Выбрать главу

Когда Бестиунхитран изобрел Закон об экспроприации, семейство Куснирасов распродало земли, обменяло в Нью-Йорке мешки своих песо на доллары и отправилось жить за границу с намерением не возвращаться.

Пако Придурэхо клянется, что в течение трех недель, проведенных в Уайт Плейне вместе с Куснирасом, не было дня, чтобы последний не вспомнил о Пончике.

— Он очень тоскует по своей земле, — заключает Пако.

— Куснирасы были и есть большие друзья моего дома, — говорит дон Карлосик, — но если Пепе придет к власти, будет ли он блюсти наши с вами интересы?

— Как свои собственные! — обещает Придурэхо.

То ли благодаря энтузиазму, который всегда вызывает свежая мысль там, где она никогда не проявляется; то ли потому, что не был найден иной выход, но умеренные тем вечером постановили предложить Куснирасу стать их кандидатом. Тут же сели за стол и написали ему в послании, что пришли к такому решению, «принимая во внимание его высокую гражданскую нравственность, твердость политической позиции, выразившуюся в добровольном изгнании, на которое он себя обрек, а также его личные высокие достоинства». Но в действительности главным фактором, повлиявшим на исход дебатов, было соображение, высказанное доном Бартоломе радостно и мечтательно:

— Если он прибудет на аэроплане, мы победим на выборах.
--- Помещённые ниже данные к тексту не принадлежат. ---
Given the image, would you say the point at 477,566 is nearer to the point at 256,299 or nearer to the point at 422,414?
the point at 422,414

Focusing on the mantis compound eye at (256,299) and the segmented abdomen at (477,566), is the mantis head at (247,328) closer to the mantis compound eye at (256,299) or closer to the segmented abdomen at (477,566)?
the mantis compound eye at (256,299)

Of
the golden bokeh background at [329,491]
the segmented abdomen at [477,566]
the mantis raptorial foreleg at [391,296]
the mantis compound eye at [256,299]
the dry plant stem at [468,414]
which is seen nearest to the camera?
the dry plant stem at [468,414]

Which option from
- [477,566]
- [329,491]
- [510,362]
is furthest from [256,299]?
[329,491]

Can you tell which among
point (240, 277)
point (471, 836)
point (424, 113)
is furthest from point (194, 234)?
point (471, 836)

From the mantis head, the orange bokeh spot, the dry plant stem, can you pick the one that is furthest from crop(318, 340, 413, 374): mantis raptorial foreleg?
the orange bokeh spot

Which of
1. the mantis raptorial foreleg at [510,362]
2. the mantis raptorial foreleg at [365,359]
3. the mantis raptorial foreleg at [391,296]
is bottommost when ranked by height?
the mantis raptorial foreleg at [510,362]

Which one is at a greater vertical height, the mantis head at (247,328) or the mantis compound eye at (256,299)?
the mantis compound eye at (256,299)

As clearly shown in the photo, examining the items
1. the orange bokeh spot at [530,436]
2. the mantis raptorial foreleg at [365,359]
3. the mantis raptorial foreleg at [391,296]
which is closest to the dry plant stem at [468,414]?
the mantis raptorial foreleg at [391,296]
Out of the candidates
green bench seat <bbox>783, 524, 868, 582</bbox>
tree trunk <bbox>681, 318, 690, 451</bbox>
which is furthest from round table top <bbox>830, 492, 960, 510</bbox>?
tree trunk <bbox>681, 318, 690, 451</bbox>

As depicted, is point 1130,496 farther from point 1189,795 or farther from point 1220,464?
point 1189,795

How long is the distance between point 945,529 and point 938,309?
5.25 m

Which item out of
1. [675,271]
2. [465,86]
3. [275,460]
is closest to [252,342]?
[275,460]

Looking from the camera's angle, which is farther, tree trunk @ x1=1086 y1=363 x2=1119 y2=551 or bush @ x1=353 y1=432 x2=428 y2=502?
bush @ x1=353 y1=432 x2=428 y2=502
Ибо в Пончике никто и никогда не видел аэроплана.

Глава VI. High life[2]

Ангела дубасит по огромному роялю «бессендорфер», купленному ее супругом на распродаже; доктор Убивон, тряся седой гривой, приподнимаясь на высокой ноте со стула и фальшивя, выводит скрипичные фиоритуры; Простофейра играет свою партию скрипки с великим тщанием; старый Варбос заунывно пиликает на альте, а леди Фоппс, оседлав виолончель — так, что видны панталоны, — и выпятив тяжелый подбородок, извлекает звуки из своего инструмента. Все самозабвенно исполняют квинтет великого Лекумберри.
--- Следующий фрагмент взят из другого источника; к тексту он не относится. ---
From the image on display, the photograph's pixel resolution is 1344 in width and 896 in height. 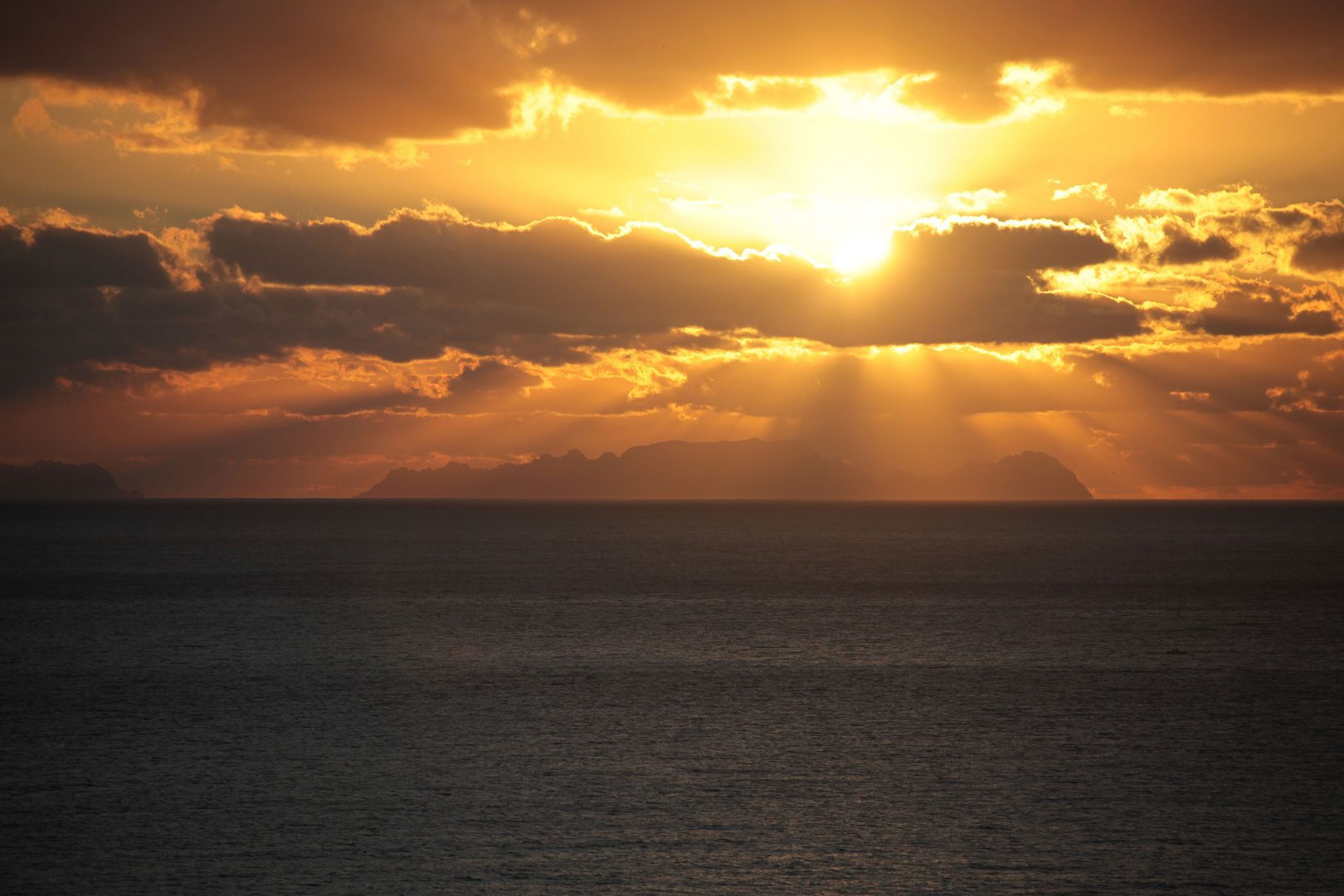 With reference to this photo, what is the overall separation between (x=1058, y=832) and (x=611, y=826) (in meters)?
10.4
Дон Касимиро Пиетон ожидает, когда придет его черед читать «Оду Демократии», недавно им сочиненную. Кончита Парнасано жует английские галеты, обмакивая их в херес; падре Ирастрельяс клюет носом, Пепита Химерес еле дышит в экстазе, Банкаррентос, уже лет пять добивающийся благосклонности хозяйки дома, не спускает с нее глаз; две сестрицы Даромбрадо скучают, дон Густаво Эскотинес слушает, потому что пришел сюда, чтобы не идти в казино. Все они сидят в венских креслах и составляют публику.

Пьеса заканчивается внезапным визгливым аккордом. Слушатели разражаются аплодисментами и криками «браво».

— Прекрасный концерт! — говорит донья Кончита, стряхивая с себя крошки.

— Что было бы с нами без вас, донья Ангела, — говорит падре Ирастрельяс, очнувшись. — Этот остров стал бы пустыней!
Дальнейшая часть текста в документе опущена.